Pick a street corner anywhere in the city. Any one. Bright orange placards read "NO ON O." Must be a dyslexic's nightmare.

Here's the deal: for 145 years, the three miles of pavement that span from the 101 freeway to Noe Valley was called Army Street. Then, the SF Board of Supervisors, wont to show their purported "cultural sensitivity," officially changed the name of the pavement to Cesar Chavez Street.

Symbolic? Yes. Does it mean anything? No.

Now, Prop. O would reverse the name change. And it seems to have become the most heated battle in the whole election.

Symbolic? Yes. Does it mean anything? No.

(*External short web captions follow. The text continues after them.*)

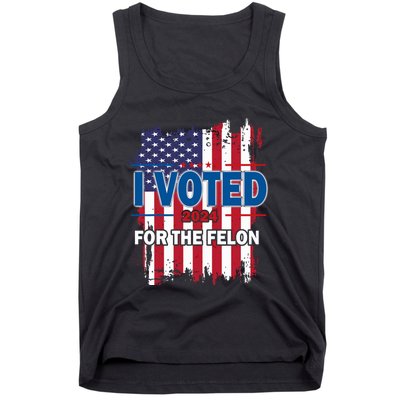 I Voted For The Felon; Funny Republican Trump 2024 I Voted Tank Top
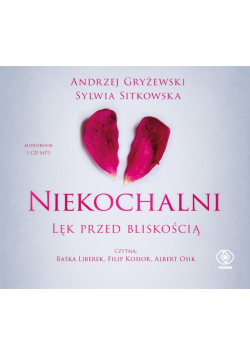 Niekochalni. Lęk przed bliskością. Audiobook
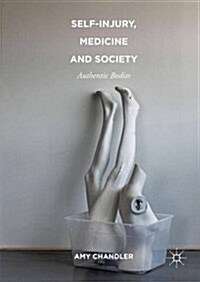 Self-Injury, Medicine and Society : Authentic Bodies (Hardcover)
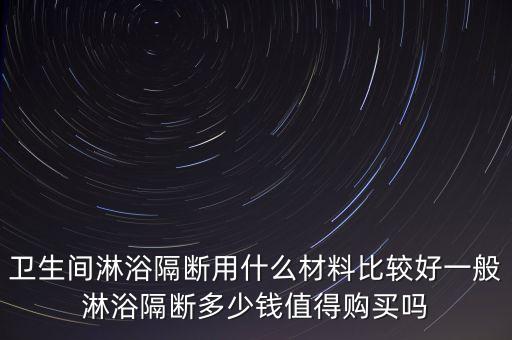 衛(wèi)生間淋浴隔斷用什么材料比較好一般淋浴隔斷多少錢值得購買嗎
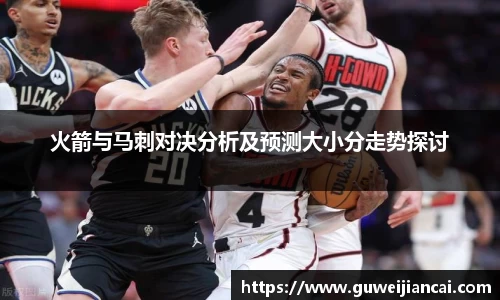 火箭与马刺对决分析及预测大小分走势探讨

Cesar Chavez was a great man who was hated for doing great things by the same type of people who now give pavement his namesake. But he's dead. He doesn't pose much of a threat to the establishment any more. That makes him a perfect political symbol.

Symbols don't hold rallies. Symbols don't smash windows. Symbols don't pressure anyone to do anything. They're ornaments, accouterments, window dressing; bright, shiny things that sway the attention from the rotting underbelly that surround it.

Cesar(my) Chavez Street, no matter what it's called, will still run through the most grossly under funded, woefully neglected and roundly ignored area of San Francisco: Hunter's Point. Ask the people who live in the Potrero Hill projects what they think about the name change and I think you'll get the real point of this whole debate: it just doesn't matter.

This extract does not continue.